SA Bugzilla – Bug 3082
Implement History Plugin (which will include expiry) to replace AWL
Last modified: 2015-04-02 15:34:50 UTC
The auto-whitelist currently grows without bound. Some form of expiry is needed. The current format of the DB contains the following two keys for each email address: key => value user@example.com|ip=10.20 => 16 user@example.com|ip=10.20|totscore => 19.41 where user@example.com|ip=10.20 is a unique identifier for the user the first key/value pair is a message count the second key/value pair is the sum total score of those messages Options to change DB format: 1. add a new key/value pair with a LRU mtime value or counter (atime is easiest) user@example.com|ip=10.20|time => 1077678476 pros: easy, backward compatible cons: bloats DB, crufty, slow 2. change the DB format to be: user@example.com|ip=10.20 => [encoded field] where [encoded field] contains awl-version,atime,count,total (perhaps last N message scores instead of count,total) pros: clean, fast, extensible cons: requires conversion or switch Options for conversion or switch: 1. Converting old DB to new DB format per-key in same file pros: conversion is spread out, no slow conversion or long locks cons: DB never shrinks, requires conversion code 2. Converting old DB to new DB format converting entire file at once pros: requires conversion code cons: DB can shrink, but may carry over more key/value pairs than will ultimately be used with atime-based expiry, so DB could end up larger than necessary 3. Just delete old DB and create a new DB pros: easiest cons: user loses AWL data
Few corrections: atime vs. mtime for the most part, I meant to use one term the whole way through but somehow didn't. atime is really what I meant. I also switched around pro and con in "Converting old DB to new DB format converting entire file at once". Also, per-key conversion would be the most complicated as that would be integrated into the main codebase. File-level conversion *could* be put into a separate tool which makes a lot of sense to me.

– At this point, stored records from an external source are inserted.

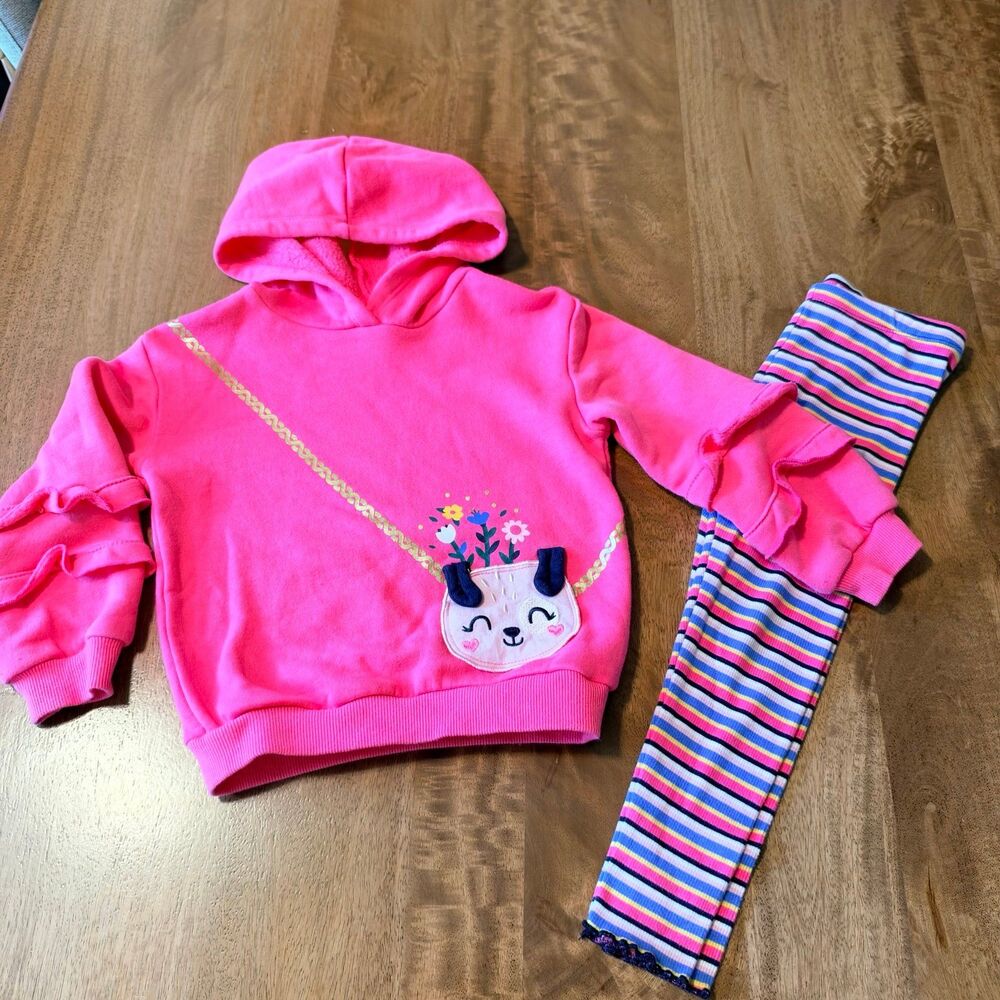 Girls 2-Piece Pink Hoodie & Striped Leggings Set Size 4T Kids Headquarters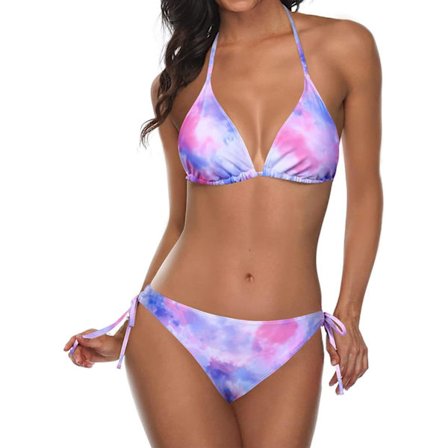 WJSM Dam Triangle Bikini Set Halter Tvådelad Sexig Baddräkt String Tie Side Baddräkt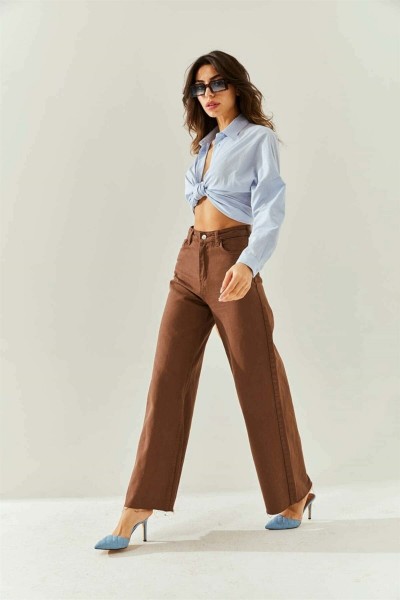 Kahverengi Palazzo Jean Kadın Power Likra Kadın Yüksek Bel Toparlayıcı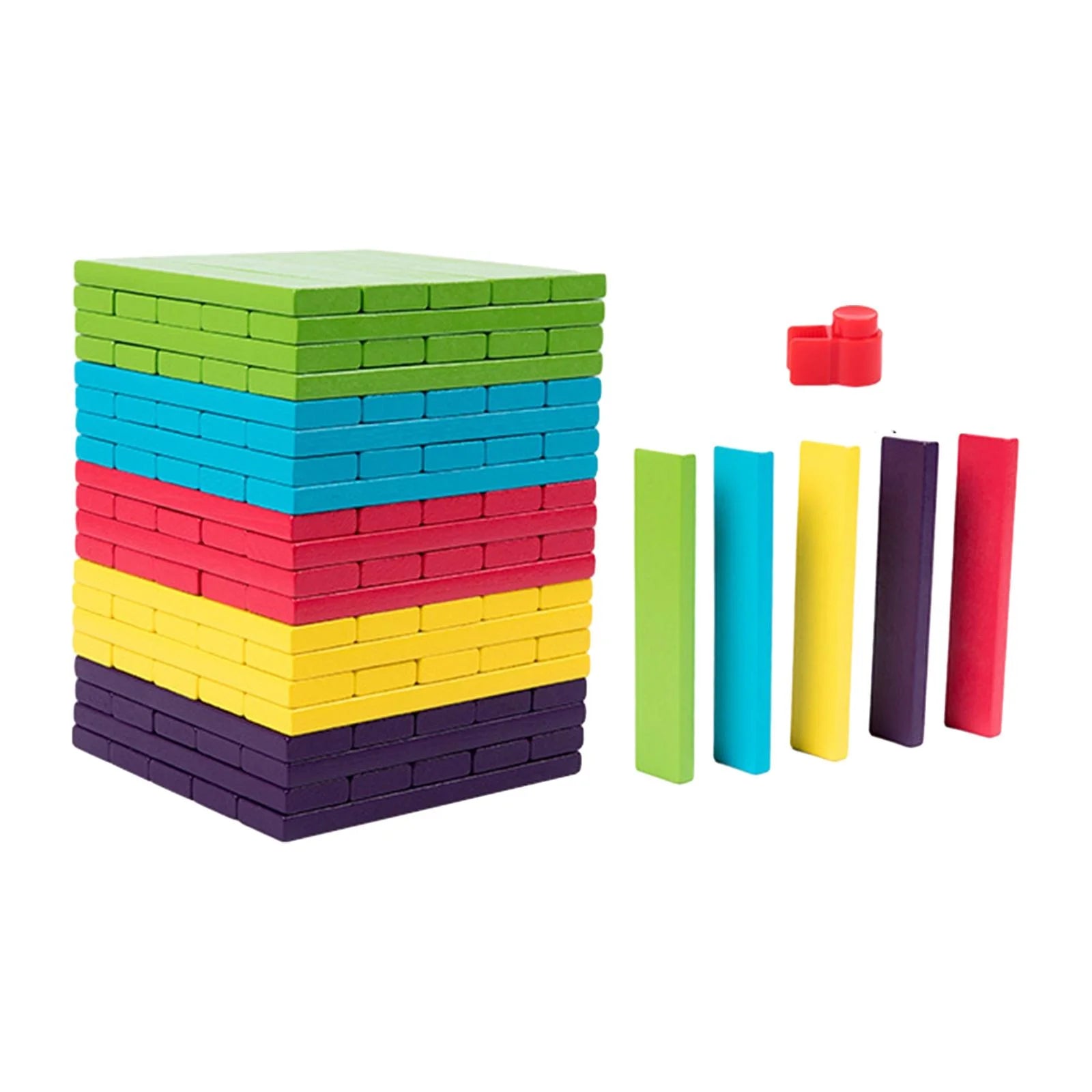 100 Pieces Wooden Blocks Stacking Game Building Kits Board Games V38452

Created attachment 1796 [details] AWL aging patch; AWL wildcard support Here is a set of patches against version 2.63 with some white list modifications that I sent out before. 1. Supports a new function, age_out_awl, which allows for aging of the white list. By default, when called, it will delete any unused entries older than 30 days. Time can be specified via epoch seconds, or any string that Date::Manip can parse. 2. Provide support for quick removal of AWL entries even in a gigantic white list. This is done by linking in tandem with the existing white list another file indicating which keys are in use. 3. Provide support for wild-card AWL entries when entered from the command line. I have been using this now for several days, and haven't run into any problems yet. I'm sure there are bugs lurking which I will beat out. Still outstanding: 1. I need to write a test for the age function. 2. When a large white list is aged out, the DB file doesn't get any smaller. I don't know any way around this except to delete the existing list and make a new one with the same name.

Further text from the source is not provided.